Exercise goal:
Every line below that has the string "Color" needs to be copied.

Top of Material to process

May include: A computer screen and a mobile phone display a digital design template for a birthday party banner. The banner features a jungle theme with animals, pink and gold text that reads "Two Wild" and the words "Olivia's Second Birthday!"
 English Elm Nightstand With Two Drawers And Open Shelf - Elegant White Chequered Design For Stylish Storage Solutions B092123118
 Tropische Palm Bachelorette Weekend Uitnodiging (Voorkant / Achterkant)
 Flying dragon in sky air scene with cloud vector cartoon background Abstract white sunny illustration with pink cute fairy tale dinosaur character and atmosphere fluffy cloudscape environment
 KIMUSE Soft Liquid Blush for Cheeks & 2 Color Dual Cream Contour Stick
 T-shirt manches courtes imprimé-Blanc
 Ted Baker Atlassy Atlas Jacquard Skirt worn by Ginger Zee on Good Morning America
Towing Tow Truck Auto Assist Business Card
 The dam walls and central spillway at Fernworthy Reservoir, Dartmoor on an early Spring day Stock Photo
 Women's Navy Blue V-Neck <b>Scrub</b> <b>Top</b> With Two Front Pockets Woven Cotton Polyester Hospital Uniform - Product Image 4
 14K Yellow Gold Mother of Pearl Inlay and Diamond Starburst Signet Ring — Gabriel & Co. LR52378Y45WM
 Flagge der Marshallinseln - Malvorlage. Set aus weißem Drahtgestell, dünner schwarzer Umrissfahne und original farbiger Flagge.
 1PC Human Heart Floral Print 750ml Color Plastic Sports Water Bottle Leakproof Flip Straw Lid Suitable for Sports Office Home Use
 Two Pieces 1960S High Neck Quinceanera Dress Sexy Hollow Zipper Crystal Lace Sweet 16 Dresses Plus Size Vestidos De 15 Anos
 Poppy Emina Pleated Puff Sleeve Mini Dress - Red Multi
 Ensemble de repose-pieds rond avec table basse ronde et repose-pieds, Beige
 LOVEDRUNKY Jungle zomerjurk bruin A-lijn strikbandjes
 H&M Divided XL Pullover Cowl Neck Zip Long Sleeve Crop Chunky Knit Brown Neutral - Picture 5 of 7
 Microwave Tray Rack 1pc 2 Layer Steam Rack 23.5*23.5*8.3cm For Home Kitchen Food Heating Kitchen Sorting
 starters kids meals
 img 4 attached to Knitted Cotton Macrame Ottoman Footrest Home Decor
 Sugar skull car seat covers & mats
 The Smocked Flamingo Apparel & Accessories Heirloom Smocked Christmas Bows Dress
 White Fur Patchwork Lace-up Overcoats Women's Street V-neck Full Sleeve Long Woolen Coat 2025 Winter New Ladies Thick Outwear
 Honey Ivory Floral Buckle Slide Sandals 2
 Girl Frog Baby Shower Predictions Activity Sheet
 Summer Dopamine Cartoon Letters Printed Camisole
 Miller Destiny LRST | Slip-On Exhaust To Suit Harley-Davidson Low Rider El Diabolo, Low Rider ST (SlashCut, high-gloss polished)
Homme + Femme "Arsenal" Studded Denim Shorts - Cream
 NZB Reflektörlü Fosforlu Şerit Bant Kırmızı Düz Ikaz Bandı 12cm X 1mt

Bottom of Material to process

Result:
 KIMUSE Soft Liquid Blush for Cheeks & 2 Color Dual Cream Contour Stick
 1PC Human Heart Floral Print 750ml Color Plastic Sports Water Bottle Leakproof Flip Straw Lid Suitable for Sports Office Home Use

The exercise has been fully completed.